Apr 7 2012
Metrics in Lean – Part 2 – Quality
My previous post on this subject listed some requirements on metrics to be useful on the shop floor. Here, we take it one level further, first by establishing that shop floor metrics should be in the language of things rather than the language of money, and then by using the requirements to evaluate examples of quality metrics. In later posts, I will do the same for other dimensions of manufacturing performance.
Apr 10 2012
China Is Ready for Lean Projects, like the Rest of the World
Via Scoop.it – lean manufacturing
This article asserts the opposite. According to it, “Lean principles are based on Western ideas and methods.” I never thought Japan was part of the West. And Lean is supposed to be incompatible with “the teachings of Confucius,” that are at least as influential in Japan as in China.

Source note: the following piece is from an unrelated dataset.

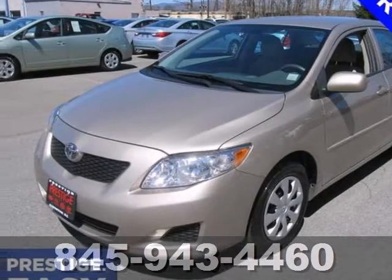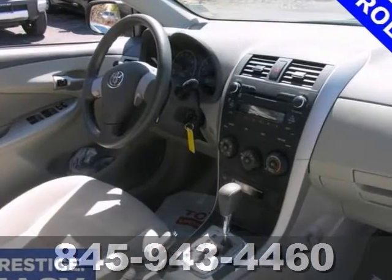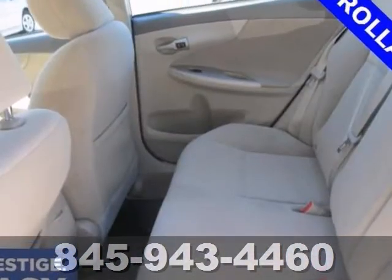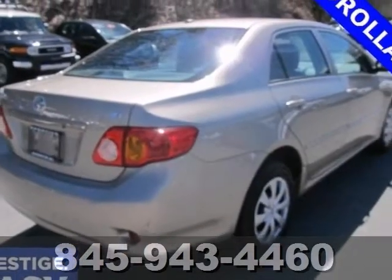Hold on to your seats. This 2010 Toyota Corolla is just waiting to bring the right owner lots of joy and happiness with years of trouble-free use. It has stability control, a CD player, air conditioning, and with an auxiliary audio input and two warranties, it won't be here for long. Come in for a test drive.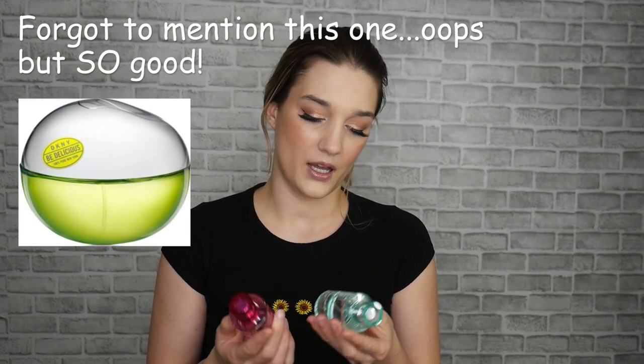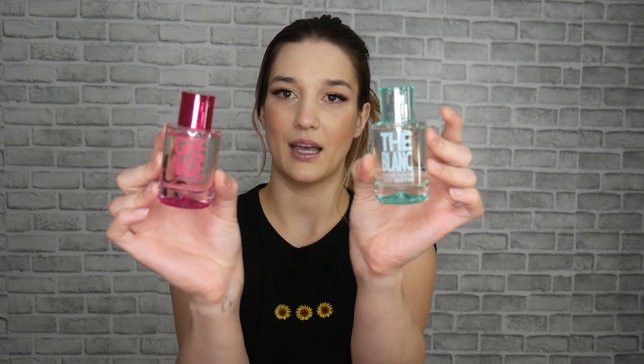And then last but not least, I have these two from Solinotes. I have the pomegranate one and the blanc. This one has sage and white tea — this is such a gorgeous fresh scent. Oh my god, it's incredible. I know sage sounds weird and the tea scent is a little weird and almost masculine in a fresh way, but I absolutely love this. I can't stop smelling myself when I use this.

According to the author, China has been confucianist for 3,000 years, which puts it at 1,000 BCE. It is interesting, considering that Confucius wasn’t born for another 500 years. It is like making Steve Jobs a contemporary of da Vinci.
It might have occurred to the author that there might be more immediate reasons for her problems implementing Lean in the Pearl River Delta. For one, a labor structure that is similar to that of the maquiladoras of the US-Mexico border: girls from the hinterland coming to work in factories for a year or two. For another, in management, the lingering influence of Maoism.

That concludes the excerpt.